**HOW TO COMPLETE THIS TASK**
Scan the records below and copy every line that contains the string "against".

────────────────────────────────────────

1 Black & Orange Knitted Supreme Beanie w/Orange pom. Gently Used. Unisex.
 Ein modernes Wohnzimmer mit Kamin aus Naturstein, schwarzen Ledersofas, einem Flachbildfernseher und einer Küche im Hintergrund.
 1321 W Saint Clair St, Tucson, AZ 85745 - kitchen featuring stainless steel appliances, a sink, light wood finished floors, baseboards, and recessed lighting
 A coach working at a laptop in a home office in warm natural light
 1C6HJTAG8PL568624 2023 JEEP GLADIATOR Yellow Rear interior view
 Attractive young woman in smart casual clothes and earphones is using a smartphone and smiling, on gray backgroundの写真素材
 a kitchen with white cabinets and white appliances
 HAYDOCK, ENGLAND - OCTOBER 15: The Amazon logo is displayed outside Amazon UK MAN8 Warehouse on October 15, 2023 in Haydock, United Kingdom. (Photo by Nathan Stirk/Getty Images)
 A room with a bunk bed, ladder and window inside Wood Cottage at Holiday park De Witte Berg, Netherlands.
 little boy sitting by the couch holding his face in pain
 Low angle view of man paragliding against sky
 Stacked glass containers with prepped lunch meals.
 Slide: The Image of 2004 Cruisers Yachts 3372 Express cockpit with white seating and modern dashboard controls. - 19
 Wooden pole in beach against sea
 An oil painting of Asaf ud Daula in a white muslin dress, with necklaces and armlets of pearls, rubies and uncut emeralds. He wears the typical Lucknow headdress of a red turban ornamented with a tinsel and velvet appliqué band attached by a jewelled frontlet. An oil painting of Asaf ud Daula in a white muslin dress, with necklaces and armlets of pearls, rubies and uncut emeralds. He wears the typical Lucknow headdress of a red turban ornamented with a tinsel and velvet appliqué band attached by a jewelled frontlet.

────────────────────────────────────────

**WRITTEN ANSWER**
 Low angle view of man paragliding against sky
 Wooden pole in beach against sea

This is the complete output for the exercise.